#### DATASET ####
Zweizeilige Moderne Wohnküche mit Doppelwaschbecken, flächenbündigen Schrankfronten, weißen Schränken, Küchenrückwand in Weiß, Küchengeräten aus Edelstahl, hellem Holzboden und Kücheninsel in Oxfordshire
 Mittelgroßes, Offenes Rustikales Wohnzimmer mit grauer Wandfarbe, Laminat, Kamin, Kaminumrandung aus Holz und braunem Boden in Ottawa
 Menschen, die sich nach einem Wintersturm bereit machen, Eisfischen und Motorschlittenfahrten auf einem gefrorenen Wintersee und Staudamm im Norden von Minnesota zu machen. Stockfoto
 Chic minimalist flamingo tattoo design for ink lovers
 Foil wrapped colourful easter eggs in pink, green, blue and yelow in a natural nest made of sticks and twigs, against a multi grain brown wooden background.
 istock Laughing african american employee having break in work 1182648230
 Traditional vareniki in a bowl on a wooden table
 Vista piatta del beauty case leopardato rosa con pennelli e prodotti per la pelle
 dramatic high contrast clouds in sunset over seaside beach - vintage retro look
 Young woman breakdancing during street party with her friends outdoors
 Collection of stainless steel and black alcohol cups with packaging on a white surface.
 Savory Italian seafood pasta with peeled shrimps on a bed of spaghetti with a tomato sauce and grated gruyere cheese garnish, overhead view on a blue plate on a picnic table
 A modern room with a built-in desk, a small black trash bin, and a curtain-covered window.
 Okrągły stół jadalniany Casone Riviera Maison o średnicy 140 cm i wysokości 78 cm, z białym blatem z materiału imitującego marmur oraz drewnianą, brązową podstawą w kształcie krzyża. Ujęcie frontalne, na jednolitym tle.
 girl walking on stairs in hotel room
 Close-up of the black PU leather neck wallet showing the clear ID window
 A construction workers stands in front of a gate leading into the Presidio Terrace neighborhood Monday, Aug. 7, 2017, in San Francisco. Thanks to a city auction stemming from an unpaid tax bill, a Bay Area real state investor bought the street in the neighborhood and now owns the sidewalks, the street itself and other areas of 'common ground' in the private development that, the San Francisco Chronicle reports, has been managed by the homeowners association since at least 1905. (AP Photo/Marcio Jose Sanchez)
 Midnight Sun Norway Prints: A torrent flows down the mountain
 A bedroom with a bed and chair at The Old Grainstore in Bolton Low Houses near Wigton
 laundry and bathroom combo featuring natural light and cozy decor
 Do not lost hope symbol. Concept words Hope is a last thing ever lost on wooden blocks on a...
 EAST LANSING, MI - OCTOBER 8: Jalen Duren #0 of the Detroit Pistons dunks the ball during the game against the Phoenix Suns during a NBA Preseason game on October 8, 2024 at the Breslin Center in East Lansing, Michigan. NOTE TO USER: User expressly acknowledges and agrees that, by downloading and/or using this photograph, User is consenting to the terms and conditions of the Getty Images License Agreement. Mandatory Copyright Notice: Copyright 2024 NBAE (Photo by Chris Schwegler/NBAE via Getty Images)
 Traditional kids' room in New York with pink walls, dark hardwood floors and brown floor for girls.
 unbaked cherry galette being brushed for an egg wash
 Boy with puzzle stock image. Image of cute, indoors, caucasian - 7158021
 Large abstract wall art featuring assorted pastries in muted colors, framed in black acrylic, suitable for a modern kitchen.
####
**WORK INSTRUCTIONS**
Using the records above, copy word for word the line with "girl walking on stairs in hotel room", the line with "Close-up of the", and every line between them.

**RESULT FOR THIS TASK**
 girl walking on stairs in hotel room
 Close-up of the black PU leather neck wallet showing the clear ID window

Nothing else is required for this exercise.